A direção de fotografia está a cargo de Lucien Ballard, já então um veterano de guerras passadas. Ele deve ter tirado folga de algum projeto com Peckinpah. Hathaway é mais normativo, e isso também se vislumbra cedo na imagem. O filme, mais clássico, voltado para uma edição menos opaca que as do diretor de The Wild Bunch, não contém os experimentos com câmera lenta, nem as intrincadas coreografias, que convertem as cenas de tiroteio ou de embriaguez e desordem num verdadeiro balé. No entanto, já estamos num tempo em que as externas têm relevância irreversível. E há, por igual, algo de muito atraente nas cenas de combate. Como no tiroteio final, que mais parece uma gesta. Ele é assistido por Mattie no outeiro, feito estivesse numa tribuna. E é emblemática essa cena em que Cogburn, prendendo as rédeas com os dentes, precipita-se na direção dos três bandidos, ao modo de um cavaleiro medieval. Porta em uma das mãos a pistola; na outro, o rifle. E os faz deitar fogo por todos os poros.

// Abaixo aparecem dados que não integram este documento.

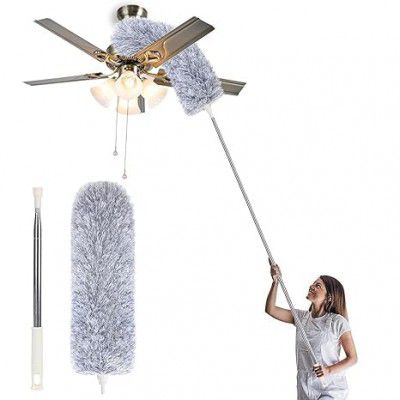 Virtuous Fan Cleaner Brush with Long Rod Flexible Fan Cleaning Mop Microfiber Dust Cleaner Foldable Duster for Home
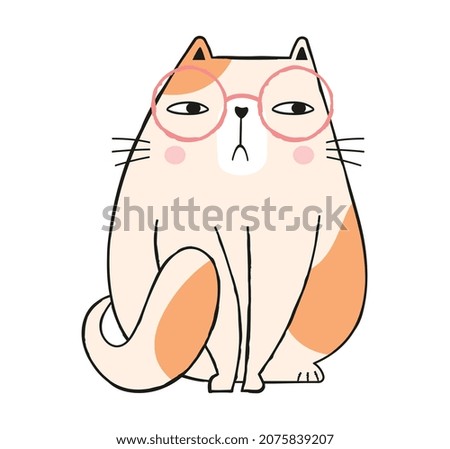 Cute pensive cat. Thoughtful character with glasses thinking about something. Philosopher, clever fuzzy. Pet with glasses. Stickers and badges for social networks. Cartoon flat vector illustration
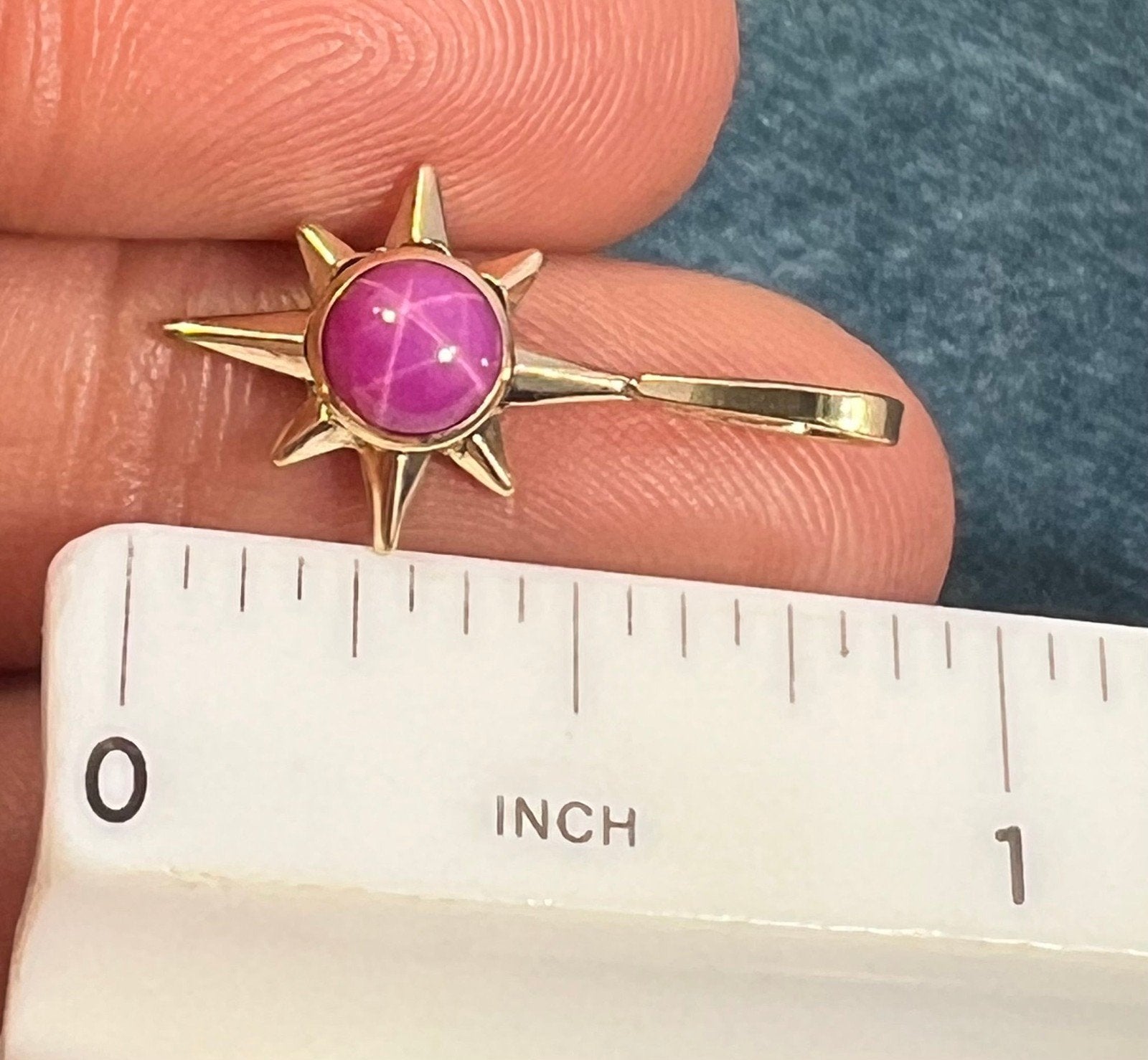 14k Gold Hot Pink Lindy Star Ruby North Star Pendant. 3/4" *Video*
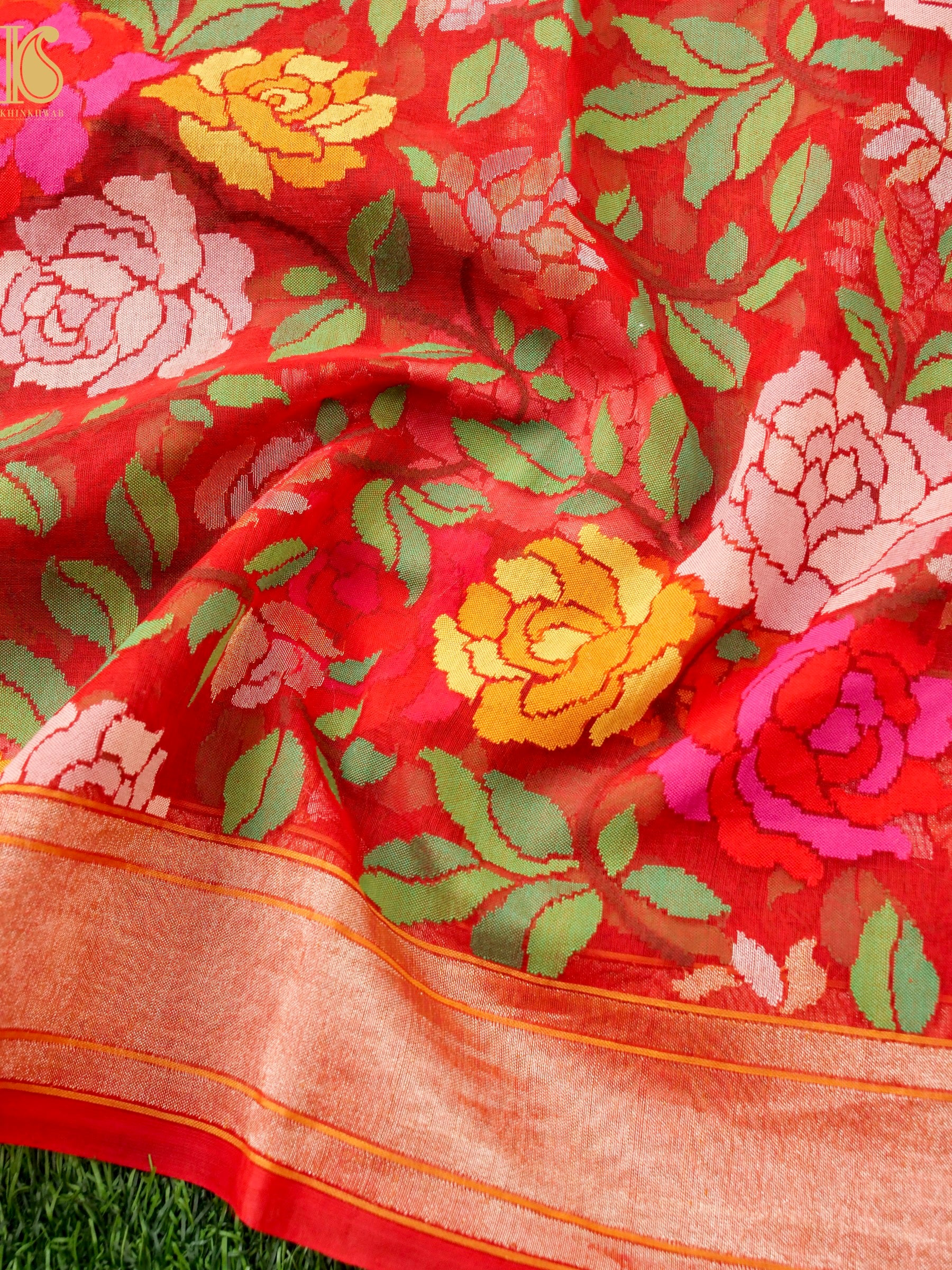 Handloom Banarasi Real Silver Zari Cotton Dupatta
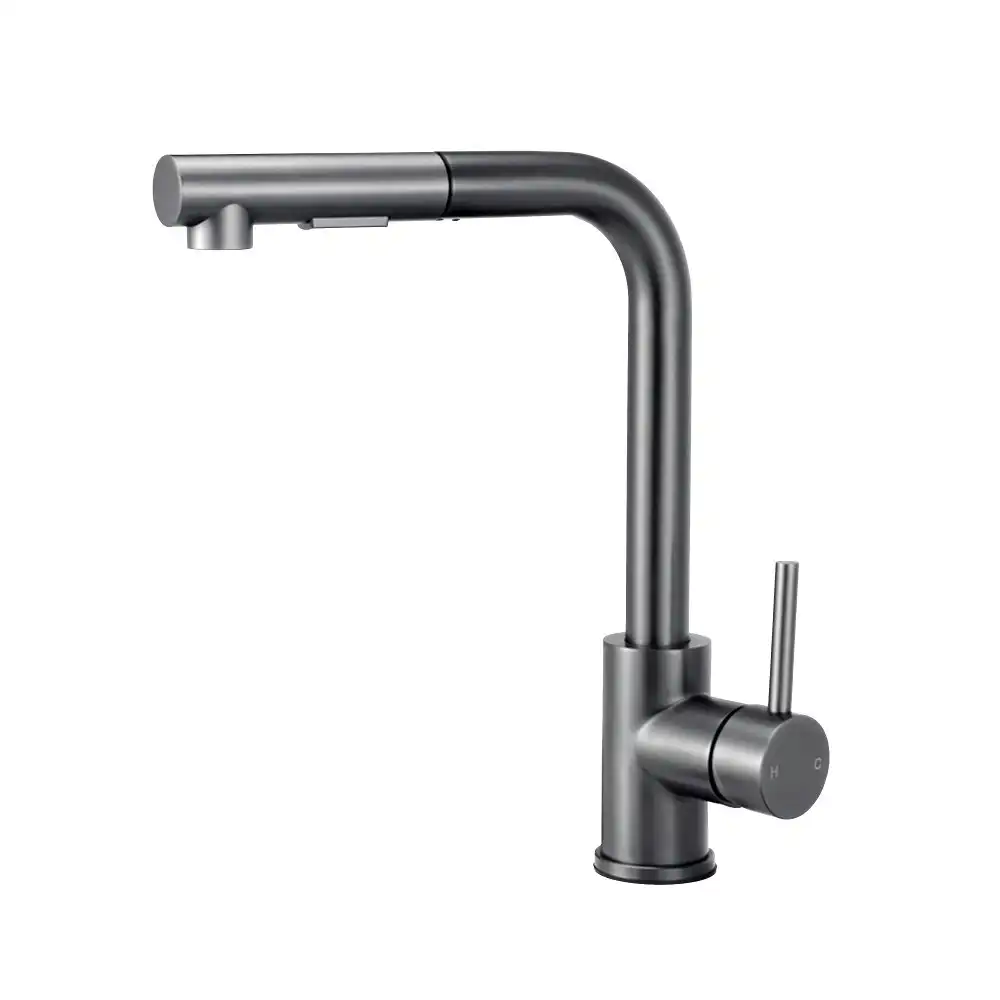 Simplus Kitchen Tap Pull Out Mixer Taps Sink Basin Faucet Laundry Swivel Grey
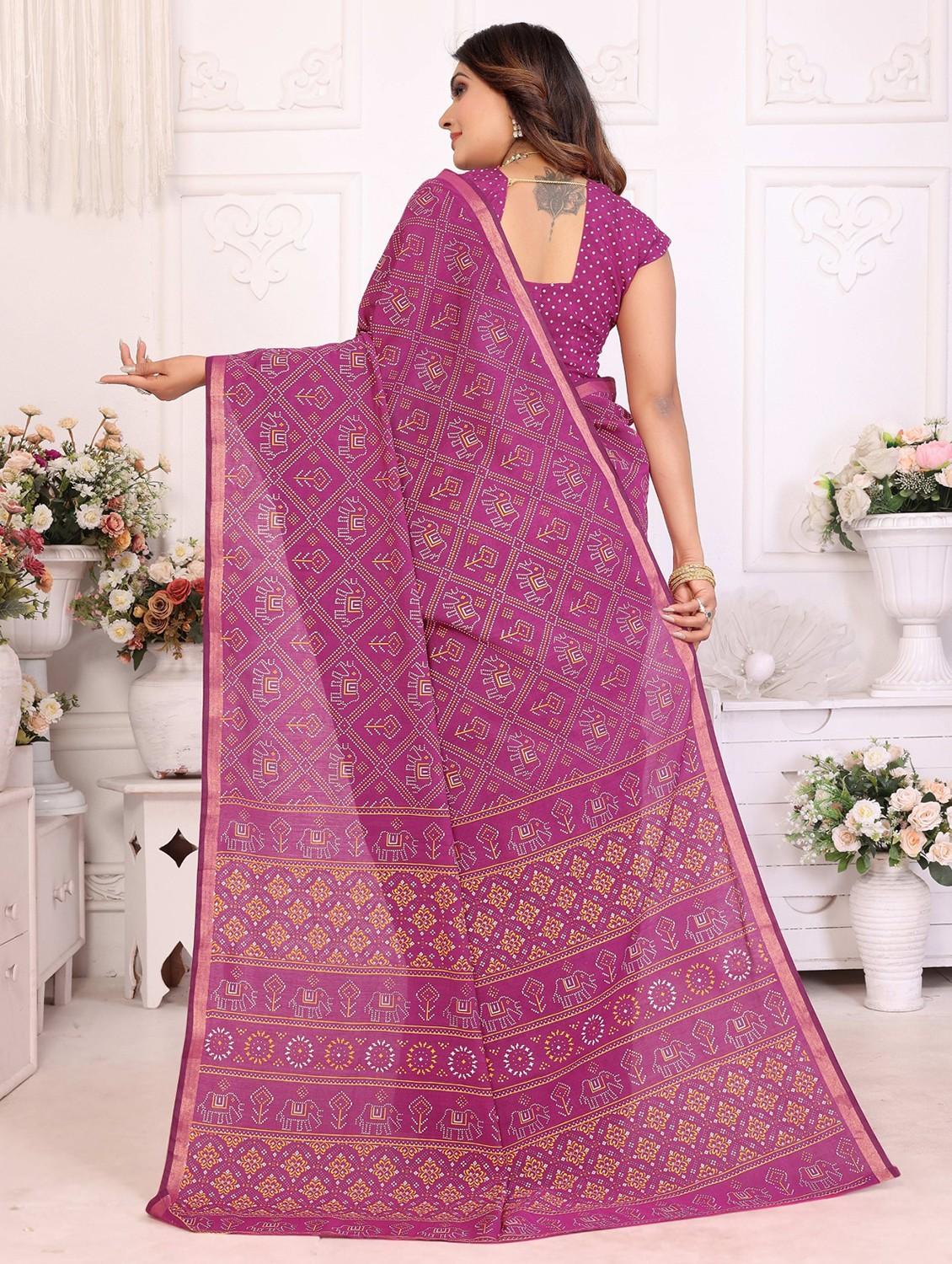 women bandhani printed saree with blouse - 21934979 - Standard Image - 2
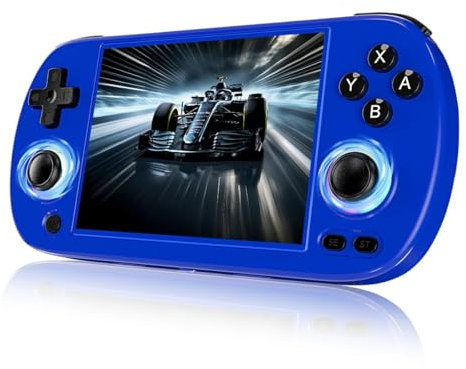 Anbernic RG40XXH Retro-Spielekonsole, 4-Zoll IPS Display, 64GB ROM, Linux 64-bit, RGB-Beleuchtung, Quad-Core A53 - Indigo Blau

É a última performance memorável de John Wayne. E não é pouco. Para todos os efeitos, dava-se por certo, à época, que essa última valsa já fora bailada em The Man Who Shot Liberty Valance (1964), a despedida de Ford. Nela, Wayne contracena novamente com Vera Miles e Jimmy Stewart. Não foi assim. E, sem embargo, por mais que se aprecie o desempenho de Wayne, quem dá o tom do filme é Kim Darby.